■ **Problem requirements**: Each line, starting at the one with "دانلود پاورپوینت تحلیل" and running to the end of the data below, is to be set down again exactly, both ends included; leave pictures out.

[Collection entries]
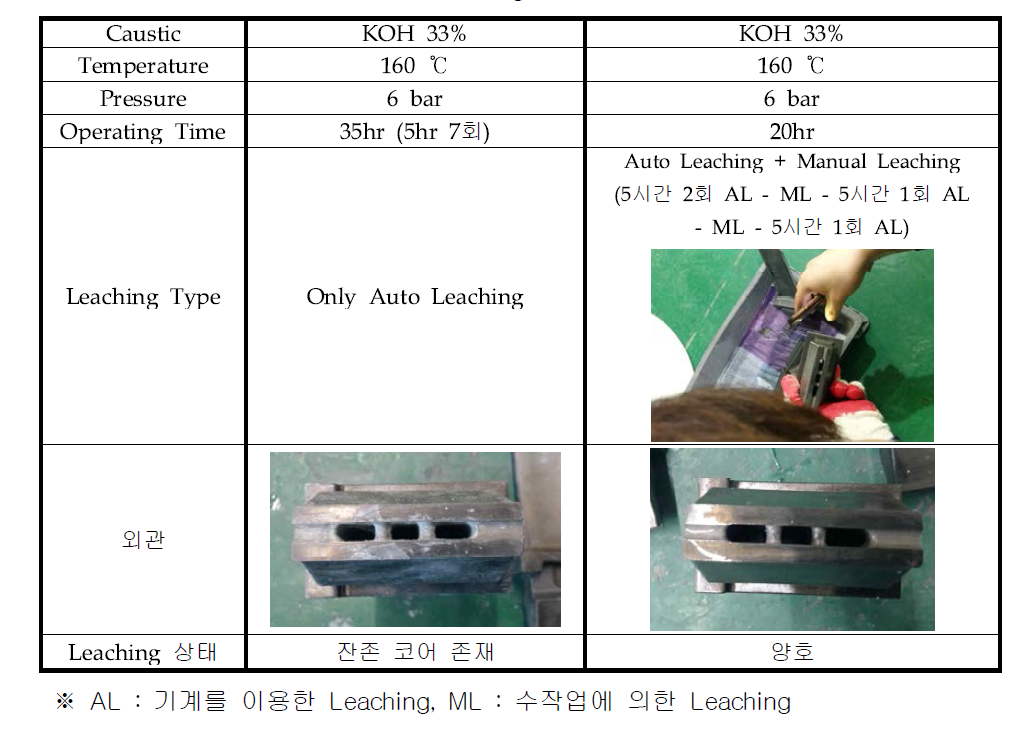 Leaching 조건도출 시험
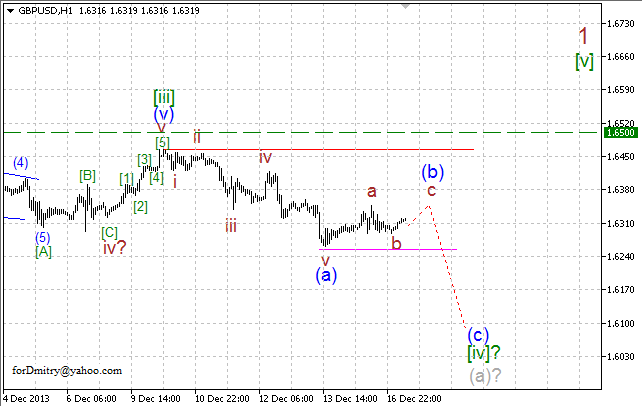 Волновой анализ EUR/USD, GBP/USD, USD/CHF и USD/JPY на 17.12.2013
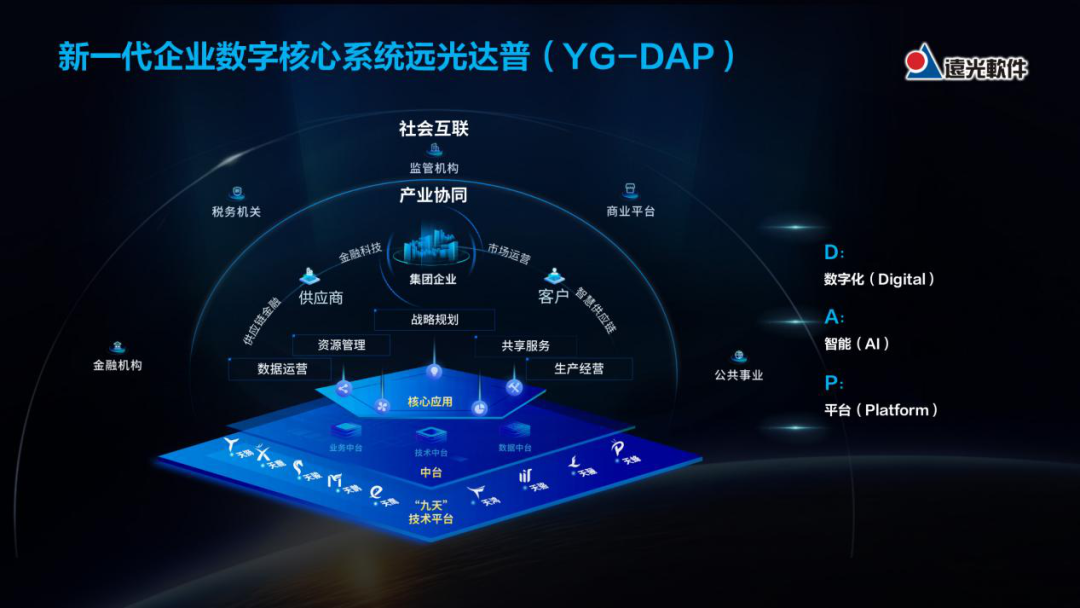 远光DAP获2021年广东省优秀软件产品奖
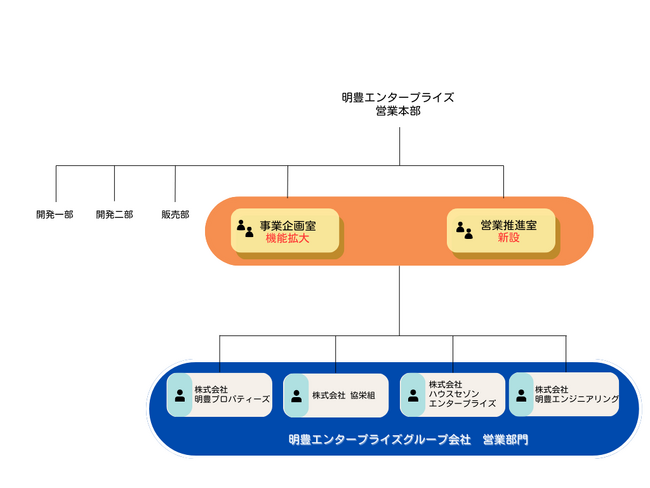 明豊エンタープライズグループ、営業本部のシェアードサービスとR＆Dの強化により収益性を向上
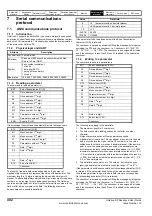 Preview for 402 page of Emerson unidrive sp User Manual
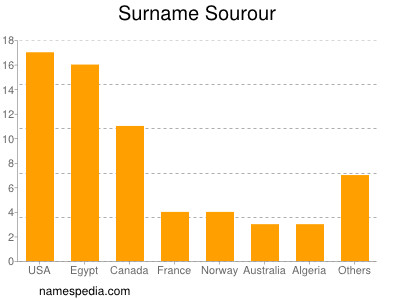 Surname Sourour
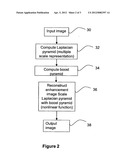 CONTRAST ENHANCEMENT diagram and image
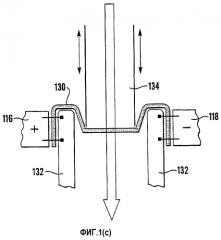 Аналитическое устройство (патент 2289173)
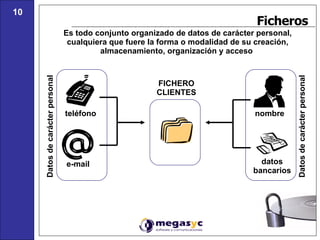 Ficheros Es todo conjunto organizado de datos de carácter personal, cualquiera que fuere la forma o modalidad de su creación, almacenamiento, organización y acceso   e-mail teléfono Datos de carácter personal FICHERO CLIENTES datos bancarios nombre Datos de carácter personal 10 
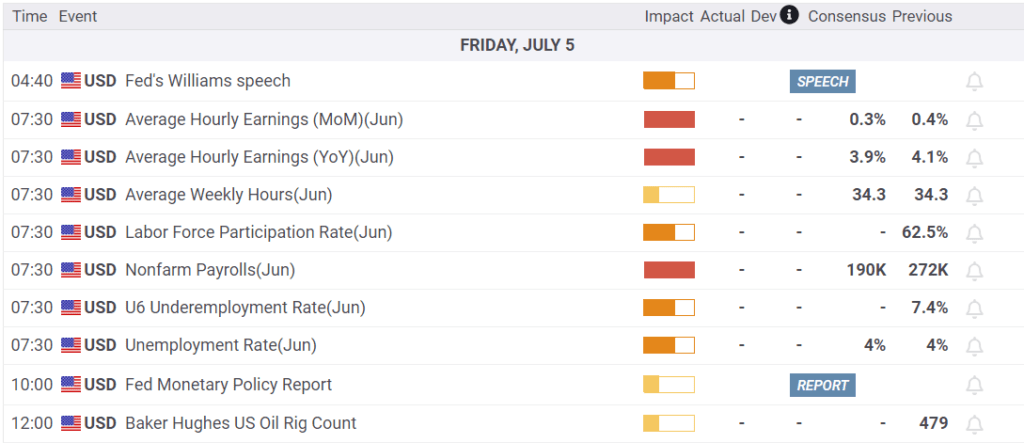 , R Star: A Culprit Behind Higher Interest Rates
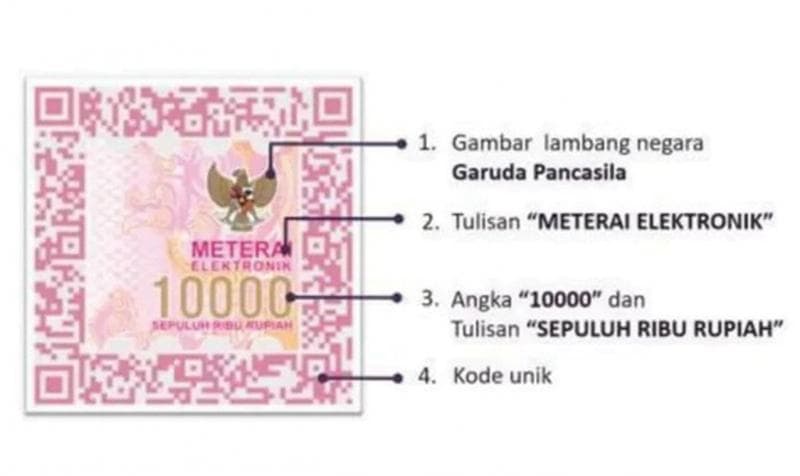 Meterai Elektronik, Bagaimana Cara Membeli dan Menggunakannya?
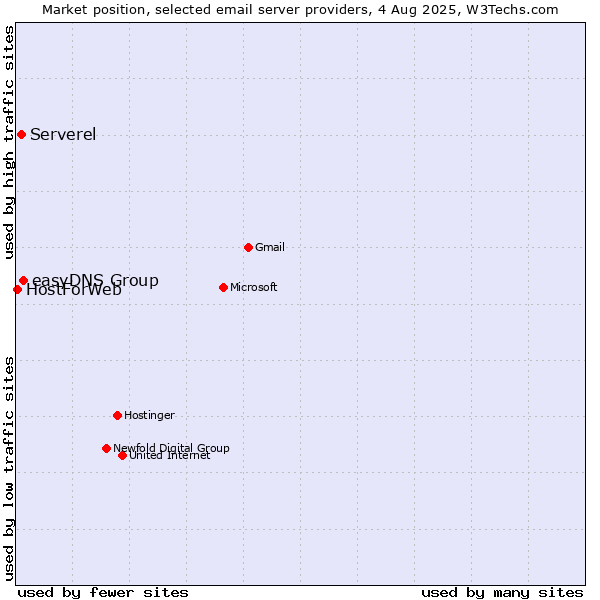 Market position of easyDNS Group vs. Serverel vs. HostForWeb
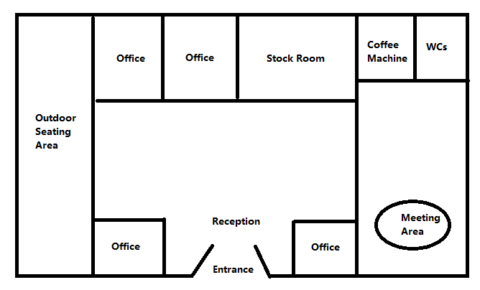 Writing Task 1 – Office Map - 雅思詹姆斯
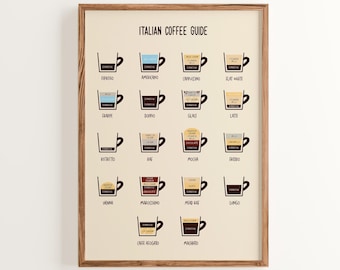 Italian Coffee Guide Print: Espresso Types Chart, Cafe Wall Art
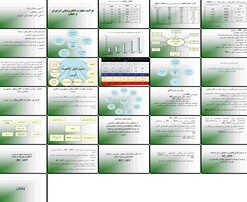 دانلود پاورپوینت تحلیل و بررسی تجارت الکترونیکی (EC) در ایران و جهان روندها، چالش‌ها،
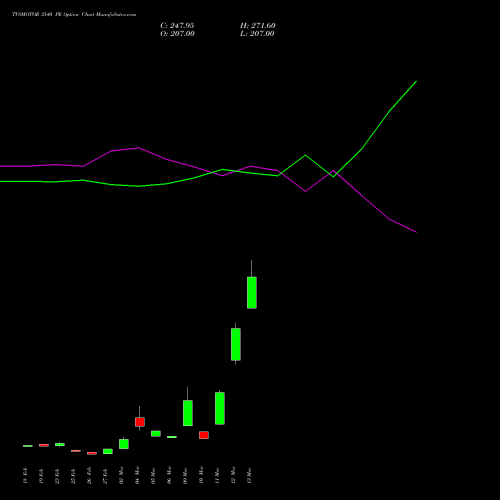 TVSMOTOR 3540 PE (PUT) 30 March 2026 options price chart analysis TVS Motor Company Limited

■ **Answer for the task**:
 دانلود پاورپوینت تحلیل و بررسی تجارت الکترونیکی (EC) در ایران و جهان روندها، چالش‌ها،
 TVSMOTOR 3540 PE (PUT) 30 March 2026 options price chart analysis TVS Motor Company Limited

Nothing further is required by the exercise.